▶ **GIVEN DATA**:
────────

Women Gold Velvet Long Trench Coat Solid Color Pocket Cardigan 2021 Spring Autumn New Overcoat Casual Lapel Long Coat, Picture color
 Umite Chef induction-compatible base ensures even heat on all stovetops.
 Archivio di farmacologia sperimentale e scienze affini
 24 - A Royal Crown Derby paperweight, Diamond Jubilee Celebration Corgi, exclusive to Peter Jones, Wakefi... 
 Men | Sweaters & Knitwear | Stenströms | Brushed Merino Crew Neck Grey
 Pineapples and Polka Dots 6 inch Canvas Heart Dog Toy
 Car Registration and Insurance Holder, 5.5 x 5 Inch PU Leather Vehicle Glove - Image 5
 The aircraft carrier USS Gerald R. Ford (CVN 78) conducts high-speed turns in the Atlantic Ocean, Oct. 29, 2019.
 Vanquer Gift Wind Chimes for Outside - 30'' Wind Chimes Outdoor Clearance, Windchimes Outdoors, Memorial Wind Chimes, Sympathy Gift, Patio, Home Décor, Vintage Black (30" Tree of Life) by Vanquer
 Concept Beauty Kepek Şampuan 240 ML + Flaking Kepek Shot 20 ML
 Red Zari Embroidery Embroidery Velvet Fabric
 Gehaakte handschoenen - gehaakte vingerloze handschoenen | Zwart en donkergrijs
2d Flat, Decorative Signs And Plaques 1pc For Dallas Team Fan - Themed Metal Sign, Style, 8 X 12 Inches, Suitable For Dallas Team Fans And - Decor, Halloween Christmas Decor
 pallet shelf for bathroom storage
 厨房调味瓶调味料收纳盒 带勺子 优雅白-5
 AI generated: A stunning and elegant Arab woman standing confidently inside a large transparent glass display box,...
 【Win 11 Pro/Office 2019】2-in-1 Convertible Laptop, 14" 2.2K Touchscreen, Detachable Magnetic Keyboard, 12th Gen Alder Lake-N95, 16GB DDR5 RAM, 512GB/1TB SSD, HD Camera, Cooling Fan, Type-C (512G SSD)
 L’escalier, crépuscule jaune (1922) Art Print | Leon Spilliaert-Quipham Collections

────────

▶ **WHAT TO DO**: Please find the lines in the data that contain the word "Velvet" and copy them.

▶ **SOLUTION TO THIS PROBLEM**:
Women Gold Velvet Long Trench Coat Solid Color Pocket Cardigan 2021 Spring Autumn New Overcoat Casual Lapel Long Coat, Picture color
 Red Zari Embroidery Embroidery Velvet Fabric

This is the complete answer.